Like everyone else, he appears to have underestimated the girl. After the fact he was prepared to concede “Miss Constance possesses an extraordinary mind.” Extraordinary for its control and discipline, as well as its concealment behind what was, as pictures and contemporary testimony both indicate, a remarkably dull exterior. Here she is appearing at her second trial:
Her face, judged the Daily Telegraph reporter, was ‘broad, full, uninteresting’, with an ‘expression of stupid dulness’. . . . The News of the World described her as ‘dull and heavy, her forehead low, her eyes small and her figure tending to plumpness, and there being an entire absence of anything like vivacity in her air or countenance’.
Those black eyes deeply recessed into a plain, meaty face never gave anything away, and they didn’t miss anything either.
When no more than three years old I began to observe that my mother held quite a secondary place both as a wife and as a mistress of the house. She [Constance’s governess and future step-mother] it was who really ruled. Many conversations on the subject, which I was considered too young to understand, I heard and remembered in after years. . . .
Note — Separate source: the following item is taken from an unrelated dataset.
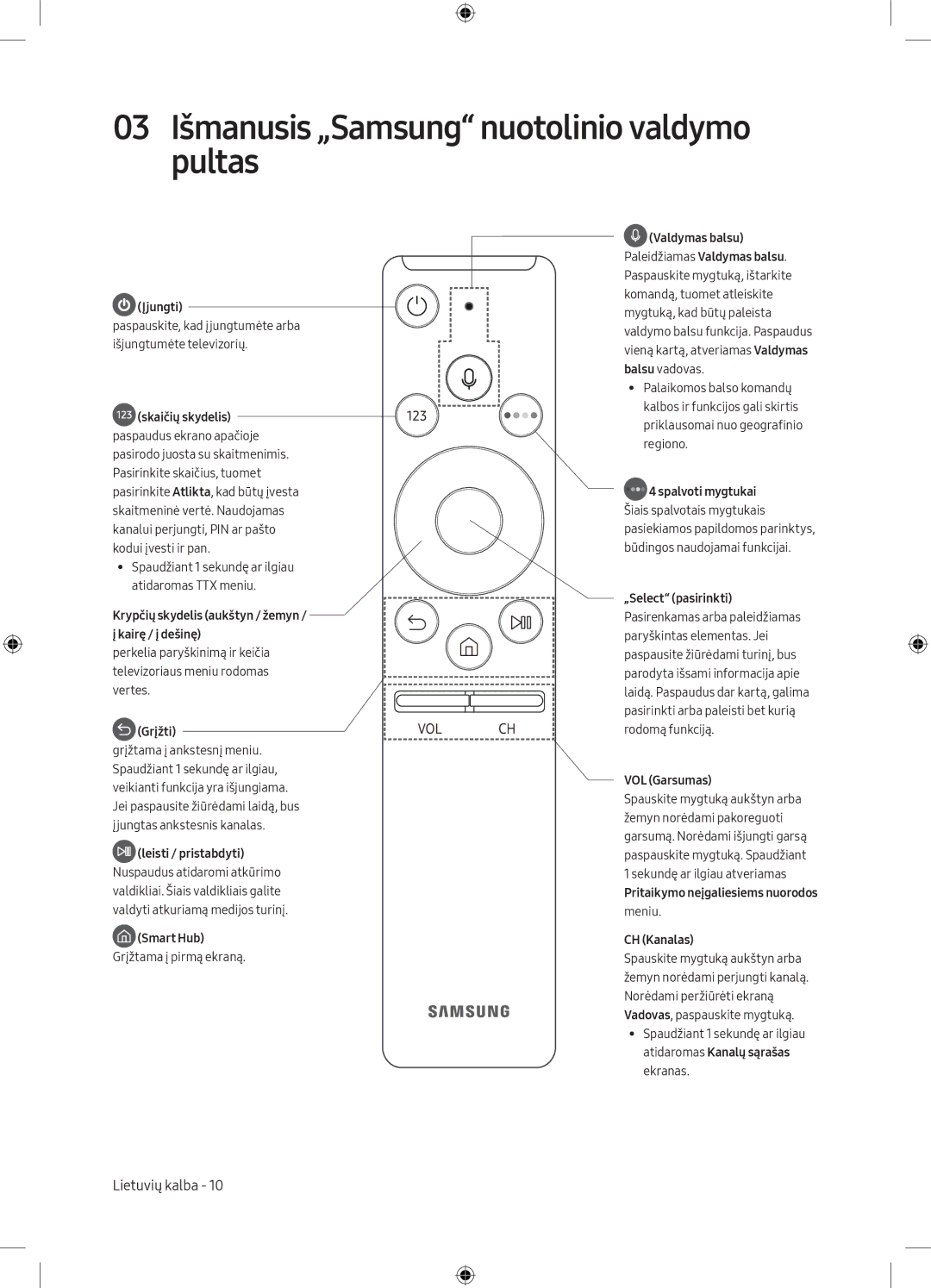 Samsung UE40MU6172UXXH, UE40MU6102KXXH, UE50MU6172UXXH, UE55MU6172UXXH manual 03 Išmanusis „Samsung nuotolinio valdymo pultas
Sadly, we don’t know very much about Constance’s long life after her sensational trial. What it amounted to was prison, followed by residence in Australia with her brother. Even this much was a mystery until her pseudonymous identity was revealed in the 1970s (Roughead says merely that “history knows nothing further of her fate” after her release from prison). From the beginning she seems to have “had a gift for invisibility.” This doesn’t leave Summerscale much to talk about in the final section of the book, which is rather disappointing. The career of William Saville-Kent, marine biologist, seems irrelevant to everything that has gone before, despite Summerscale’s best efforts to rope it in through strained analogies between biology and detective work (“William Kent had a furious curiosity about little things, a conviction that they held the big secrets”). And why the publisher felt the need to include colour plates of William’s illustrations of coral life is perhaps the greatest mystery of all.
While I can understand The Suspicions of Mr. Whicher being the most popular book on a non-fiction shortlist, I suspect most of that has to do with the subject matter, the given. I think I would have been more impressed by an author taking a less handy topic and making something of it. While Summerscale does wrap the story in an interesting social and cultural history of detectives and detective fiction, there isn’t a whole lot here that’s new. The most eye-opening moments for me came when using the “note on money” to translate the wages into today’s dollars. Apparently sub-inspectors of factories and marine biologists were very well paid in Victorian England. Oh for the palmy days of such government largesse!